Our relationship didn't last long. We had one special day when Gary Stires and I rode our bikes over to Ginny's house and then Ginny and her friend, Peggy Van der Goot, Gary and I took off on our bicycles with our lunches for the day riding around on all the back country roads. It was a fun day. We ate our lunch by the side of the road. We waded in a stream. Somebody got the idea of going over to Peggy Van der Goot's barn, and we were on our way there, when Mrs. Lee found us on a dirt road and told us that my Dad had called and that I had to come home right away. Too bad for me. Who knows what might have happened in Peggy Van der Goot's hay mow.
It didn't work out between Ginny and me. She moved on; I was stuck. I was probably too immature for her, and I wasn't always nice. It was depressing, but life went on. I did get to be valdictorian and played "To the Colors" on my cornet at the graduation ceremonies. I won all the prizes for getting the highest marks in all the classes. It came to a grand total of $2.50 - $.50 per class - hardly worth it. I had put in a lot of time and hard work, child labor in fact. It was the culimination of one phase in a long career as a student which would go on until I was almost 30 - a long hard road which in the final analysis wasn't really worth it. I thought it would put me in the position that I would always have a job if I wanted one. It would enhance my freedom, my ability to pick and choose. It didn't work out that way. Instead I would one day find myself being turned down for a job because I was "overqualified."
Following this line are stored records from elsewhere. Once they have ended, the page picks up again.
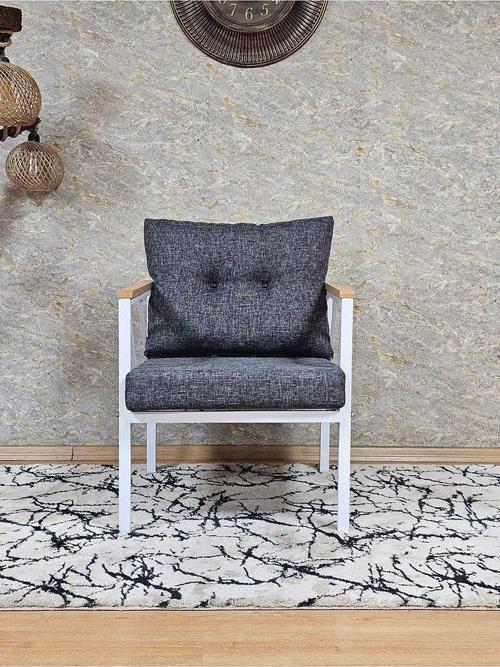 Tekli Beyaz Boyalı Bahçe - Balkon - Mutfak Çay Seti Takımı Bahçe Koltuk Takımı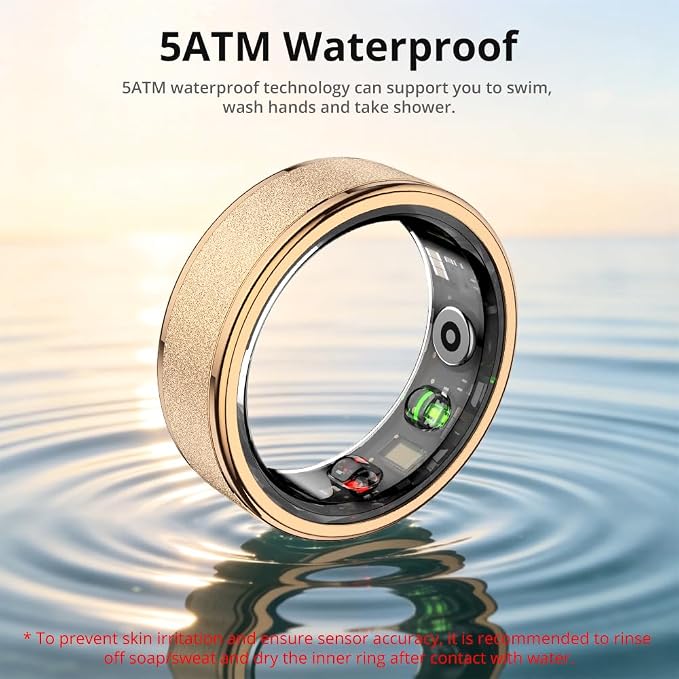 COLMI R10 Smart Ring, Smart Health Ring for Women, Features Heart Rate, Blood Oxygen, Sleep Monitoring, Pedometer, and Fitness Tracker, No Subscription Fee. (Rose Gold, 9#)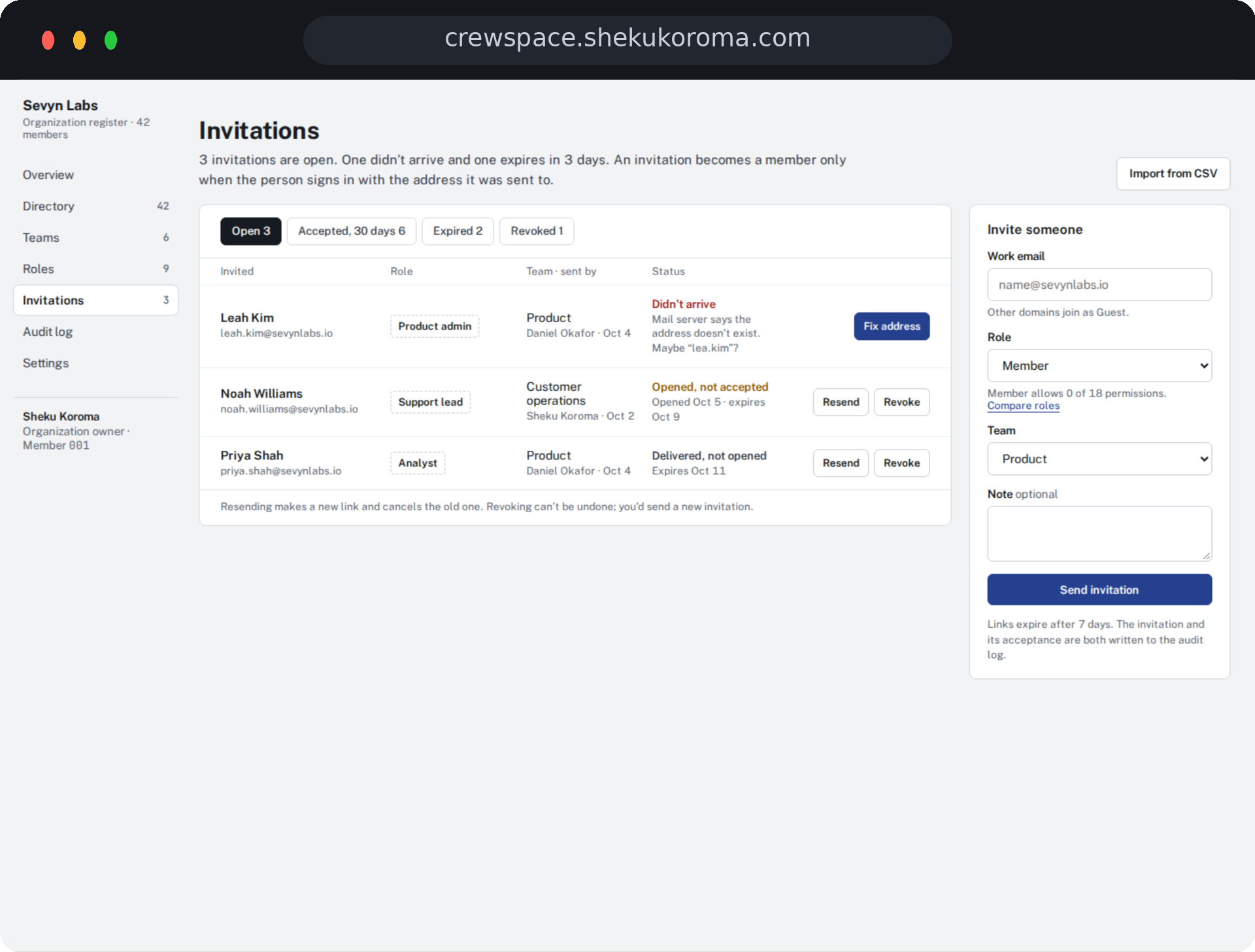 Crewspace — Invitations UI screenshot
Graduating from Wantage was the end of one chapter of my life. My Mom had tried to get me into a prep school because they didn't like the local high school. My Dad had been principal there for two years, and it didn't work out. He was lucky to get his old job back at Wantage. I don't know what the problem was with Sussex High School. Maybe it wasn't accredited or something. But a lot of students graduated from there and went on to illustrious careers. I did receive a scholarship to Phillips Academy Andover so I was about to embark on what turned out to be the worst three years of my life. My Mom went back to work as a teacher and I went to Andover and was awarded the prize for having received the highest marks on the entrance examination.